Mike touches on most of the retrieve styles you might use, and just glances off presentation. While many spey anglers like to mend constantly upstream to keep the swing as slow as possible, we typically do the opposite. Our standard presentation on the Missouri is a broadside presentation. We do this by mending downstream after the cast and keep our rod tip pointed directly downstream while imparting some action to our fly (not necessarily “retrieving”). As the fly swings across the river, we execute large but gentle mends, again to the downstream side of our rod-tip. Our fly line is perpendicular or nearly perpendicular to the current the entire swing, which results in the fly swimming broadside. This gives the fish a better view of the fly, but also is a more natural presentation, especially when fishing leeches or minnow patterns.
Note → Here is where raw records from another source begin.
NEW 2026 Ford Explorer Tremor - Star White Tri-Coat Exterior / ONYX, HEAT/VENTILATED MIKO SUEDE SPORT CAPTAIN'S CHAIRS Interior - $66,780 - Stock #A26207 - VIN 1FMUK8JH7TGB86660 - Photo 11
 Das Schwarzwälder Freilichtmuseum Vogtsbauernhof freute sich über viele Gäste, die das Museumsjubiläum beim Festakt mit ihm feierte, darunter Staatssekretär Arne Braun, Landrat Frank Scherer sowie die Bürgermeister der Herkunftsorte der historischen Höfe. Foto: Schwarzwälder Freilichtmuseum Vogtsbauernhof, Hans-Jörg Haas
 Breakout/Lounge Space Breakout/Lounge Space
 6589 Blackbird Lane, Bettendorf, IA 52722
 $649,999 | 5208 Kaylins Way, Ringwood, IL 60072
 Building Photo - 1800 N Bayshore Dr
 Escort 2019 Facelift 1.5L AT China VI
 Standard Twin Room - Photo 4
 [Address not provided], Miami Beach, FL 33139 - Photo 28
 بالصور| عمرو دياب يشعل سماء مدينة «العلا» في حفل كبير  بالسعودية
Old school Atlantic Salmon and Steelhead fishermen would refer to this description as a “greased-line” approach. The big difference for our situation is that we are likely using a sink tip and swimming the fly deeper. The original greased-line approach centered around a surface presentation. But the arc and speed would be identical.

This method is very effective – for both trout, Steelhead and Salmon – in slower currents. It is an especially useful presentation when you find yourself casting across a faster center current with dead water on either side. A situation we commonly find or selves in on the slow-moving Missouri.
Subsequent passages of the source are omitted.